- **TASK GOAL**
Starting at the line that contains "你是主人我是仆是正经番吗漫画,第76章：【第二季】扒手2图" and stopping at the line that contains "입사한지 2달된 신입이 쌍욕한 이유 ㄷㄷ", restate each line of the records below exactly. Omit the pictures.

[[ SUPPLIED MATERIAL, beginning ]]

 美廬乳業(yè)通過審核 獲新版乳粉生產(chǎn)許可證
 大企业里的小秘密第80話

[[ SUPPLIED MATERIAL, end ]]
[[ SUPPLIED MATERIAL, beginning ]]

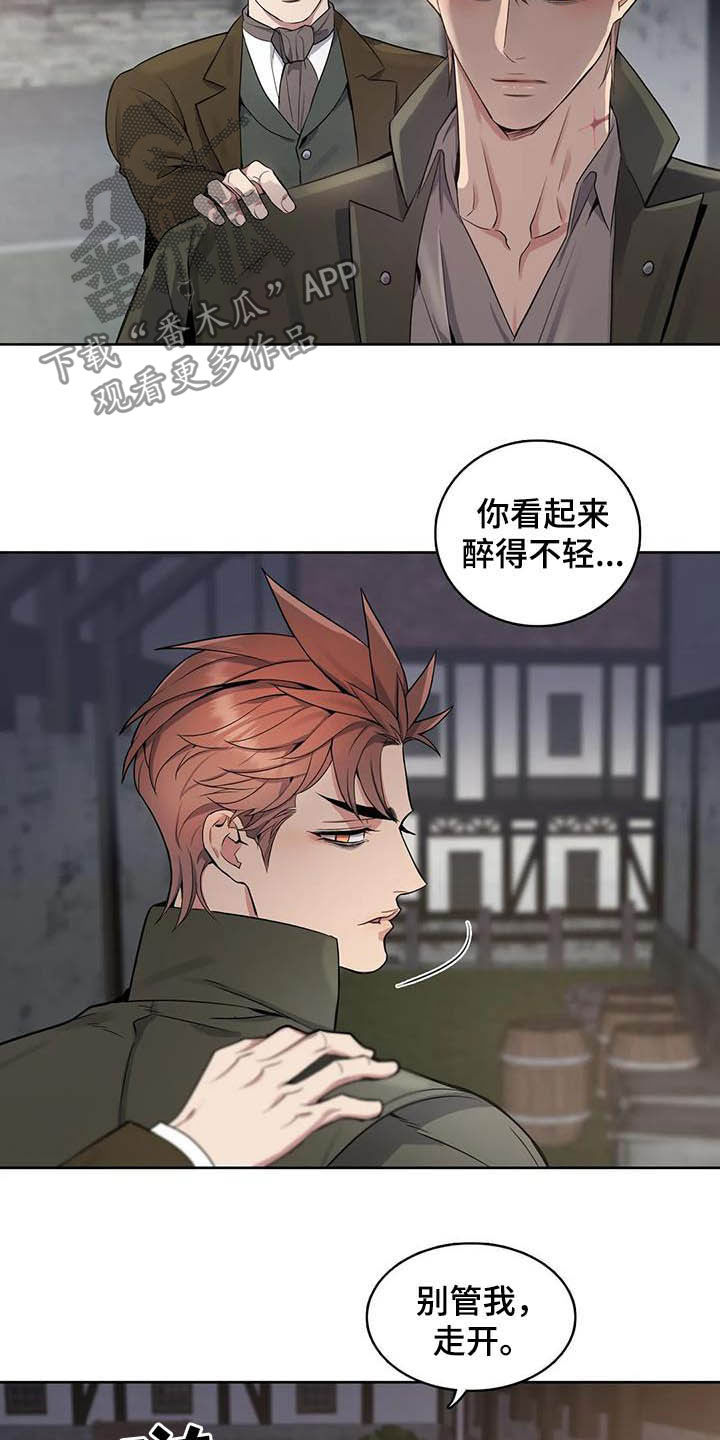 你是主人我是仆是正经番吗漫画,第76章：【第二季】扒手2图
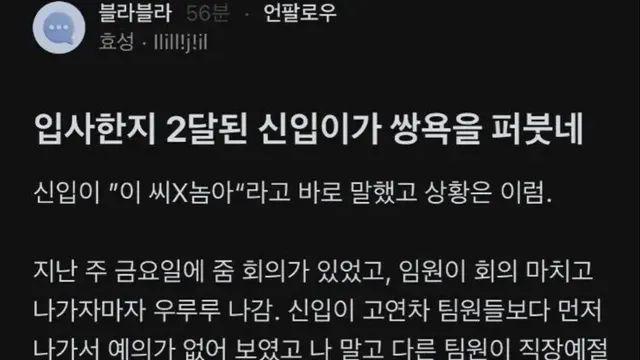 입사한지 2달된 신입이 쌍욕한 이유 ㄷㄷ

[[ SUPPLIED MATERIAL, end ]]

- **TASK RESPONSE**
 你是主人我是仆是正经番吗漫画,第76章：【第二季】扒手2图
 입사한지 2달된 신입이 쌍욕한 이유 ㄷㄷ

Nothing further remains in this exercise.